Paraguay is an emerging market that is in construction. Not everything is perfect now, which is why early movers – investors who come now – will have an advantage and pay lower prices than those who come in five years when everything is fixed. 

As for the local workforce, it is actually one of our strengths. We have a demographic bonus, with a young and growing workforce that means there is availability of labour and demand for jobs. That helps to keep wage costs competitive. Moreover, many of the international companies here say that Paraguayans are among the most productive workers of their global operations. Historically, education was a problem which is why Paraguay launched an ambitious scholarship programme. Currently there are 1,500 Paraguayans studying abroad in the world’s best universities. The government pays for them to study MBAs or PhDs in any global top-ranked university on the understanding that they will return to the country once they graduate. The first scholars are beginning to return so we will start to benefit from the programme. It is true that there can be a lack of middle management in very niche industries. That’s obviously the case for the emerging sectors that we are trying to promote in the country. But the government is aware of that and will work with companies in those industries to help them build up training programmes and bring in the expats they require.

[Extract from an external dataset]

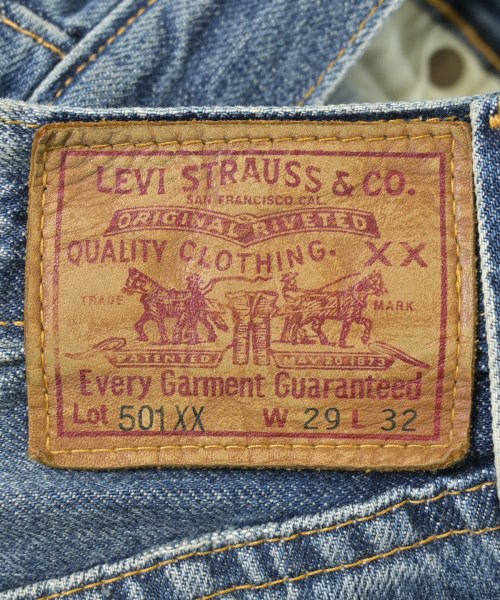 Levi's（リーバイス）デニムパンツ 紺 サイズ:29(S位) メンズ/2200608679068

Paraguay is a small nation surrounded by giants; does that make Mercosur inherently unworkable?

MC: Mercosur is an imperfect customs union. If we so wished, we could complain about it every day but that will not help us develop Paraguay’s trade or industry. Brazil has more than 200 million inhabitants while Argentina has almost 50 million compared to our almost 7 million. Clearly there are lots of industries where we compete with them. However, we do not want to compete with Brazil. We want to integrate ourselves into its supply chains. In fact, Paraguay can help make Brazilian products more competitive by offering low-cost, specialized and complementary parts. Fortunately, the Brazilian government sees and understands this, which is why we concluded the auto parts, a subsector not covered by Mercosur, bilateral trade deal last year. We also reached last year an auto parts trade deal with Argentina. Your readers probably understand that the world now competes as regional blocks. In North America you have new Nafta agreement, while in China the ASEAN countries have integrated themselves in Chinese supply chains. Soon Mercosur auto manufacturers will have to compete on a tariff-free basis with European cars so it’s vital that we work together to become as competitive as possible.